Abstract

Internet users have been exposing an increasing amount of Personally Identifiable Information (PII) on social media. Such exposed PII can be exploited by cybercriminals and cause severe losses to the users. Informing users of their PII exposure in social media is crucial to raise their privacy awareness and encourage them to take protective measures. To this end, advanced techniques are needed to extract users’ exposed PII in social media automatically, whereas most existing studies remain manual. While Information Extraction (IE) techniques can be used to extract the PII automatically, Deep Learning (DL)-based IE models alleviate the need for feature engineering and further improve the efficiency. However, DL-based IE models often require large-scale labeled data for training, but PII-labeled social media posts are difficult to obtain due to privacy concerns. Also, these models rely heavily on pre-trained word embeddings, while PII in social media often varies in forms and thus has no fixed representations in pre-trained word embeddings. In this study, we propose the Deep Transfer Learning for PII Extraction (DTL-PIIE) framework to address these two limitations. DTL-PIIE transfers knowledge learned from publicly available PII data to social media in order to address the problem of rare PII-labeled data.

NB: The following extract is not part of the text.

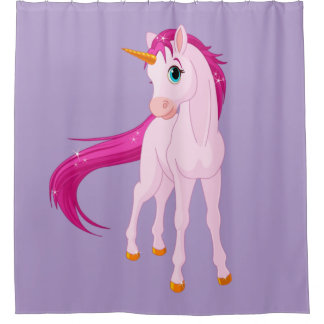 Cute Pink Unicorn Shower Curtain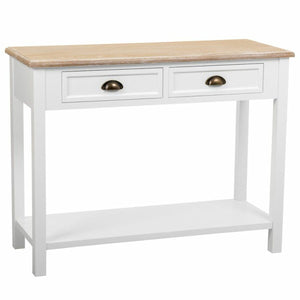 Hall Table with Drawers Alexandra House Living White Brown Zinc Alloy MDF Wood 40 x 78 x 100 cm-0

Moreover, our framework leverages Graph Convolutional Networks (GCNs) to incorporate syntactic patterns to guide PIIE without relying on pre-trained word embeddings. Evaluation against benchmark IE models indicates that our approach outperforms state-of-the-art DL-based IE models. An ablation analysis further confirms the efficacy of each component in our model. Our proposed framework can facilitate various applications, such as PII misuse prediction and privacy risk assessment, thereby protecting the privacy of internet users.